Ocupaban las paredes marañas de pintadas, esvásticas, hoces y martillos,
palabras obscenas que él procuraba no mirar. Sin darse cuenta pisó un puñado
de revistas extendidas en el suelo, y un hombre sin dientes que se cubría la
cabeza con un gorro de pana lo increpó: "Pasmao, que me esbaratas el
expositor". Lo rencito Quesada enrojeció y quiso formular una disculpa: al bajar
los ojos hacia las revistas que había pisado vio que todas tenían en la portada
fotos de mujeres desnudas, y entonces volvió a enrojecer y se apartó de allí a
toda prisa, chocando ahora con un joven de melena muy larga que casi medía
dos metros y llevaba una camiseta negra con una calavera dibujada en el pecho.
Se sintió perdido entre una multitud de descuideros y de carteristas, de
desalmados que lo engañaban a uno con el tocomocho y el timo de la estampita.
Era urgente salir del paso subterráneo y llegar a la pensión. En la escalera de
salida había un hombre que dormía encogido y arrimado a la pared, con un
cartón de ViñaLesa blanco entre las rodillas. Lorencito se acordó de que ésa era
la marca de vino que usaba su madre para cocinar. "El alcoholismo", pensó, "es
una lacra social, una droga como otra cualquiera". Al llegar a la calle agradeció
el aire frío de la mañana y se dio cuenta con espanto de que había salido a la
acera de los números impares y no había semáforo ni paso de peatones que le
permitieran cruzar sin peligro al otro lado. Con los faros todavía encendidos, los
coches venían a una velocidad de fórmula 1. "Mira que si me pilla un coche y me
mata y no se entera nadie...". Los coches surgían como manadas de búfalos en lo
más alto de la explanada de Atocha y se arrojaban por el paseo de Santa María
de la Cabeza igual que una riada amazónica.
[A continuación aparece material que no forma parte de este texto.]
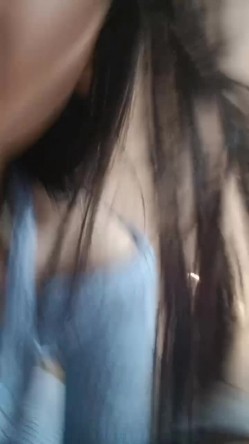 韩系网红女神刚下海！送礼物全裸自慰收费房！从下往上视角揉搓骚穴，掰开看菊花，扭腰摆臀 截图2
Cuando por fin llegó a la otra acera, tras escapar de la muerte por una fracción
de segundo, a Lorencito Quesada le temblaba más que nunca el labio superior
(lo tiene muy hendido y muy levantado hacia la nariz) y le picaba toda la piel
bajo su camiseta de felpa. Buscaba algún sitio donde reponerse del susto y
entrar en calor con un bollo suizo y una leche manchada, pero sólo veía
restaurantes chinos. Pensó que la raza amarilla está empezando a dominar el
mundo. Temía que la pensión del señor Rojo tampoco existiera ya: vio con alivio
junto al portal del número 12 las iniciales azules de casa de huéspedes, y llamó
decididamente al portero automático. Le contestó una voz confusa que parecía
extranjera. No había ascensor, y llegó sin aliento al tercer piso, notando picores
interminables por culpa del recio paño de la camiseta. Al hombre que le abrió la
puerta, que parecía árabe, le dijo con afán de intimar que era un antiguo cliente
de la casa y le preguntó por el señor Rojo: no sabía quién era ni le sonaba el
nombre, dijo, no sin desprecio, el posible árabe, en un desastroso español. A
Lorencito Quesada, que ya llevaba preparado su carnet de identidad y su tarjeta
de colaborador de Singladura, le extrañó que aquel hombre no le pidiera la
documentación: en las capitales, con la prisa, con el ritmo de vida, la burocracia
se abrevia.
Juzgó que su habitación era acogedora, incluso íntima, y desde luego muy
tranquila, lo cual es una ventaja en una ciudad tan ruidosa como Madrid. Al
descorrer las cortinas para mirar por la ventana comprobó que no había
ventana, si bien disponía de un lavabo espacioso y de un teléfono. Se sentó en la
cama y decidió concederse una o dos horas de sueño. Apenas había cerrado los
ojos cuando el timbre del teléfono lo sobresaltó. Dijo varias veces "Aló", como
parece que es costumbre en Madrid, pero no obtuvo respuesta: alguien
respiraba en silencio al otro lado del hilo telefónico. Creyó oír una voz que
murmuraba algo, y luego la comunicación se interrumpió, y Lorencito Quesada
se quedó un rato oyendo en el auricular un pitido intermitente.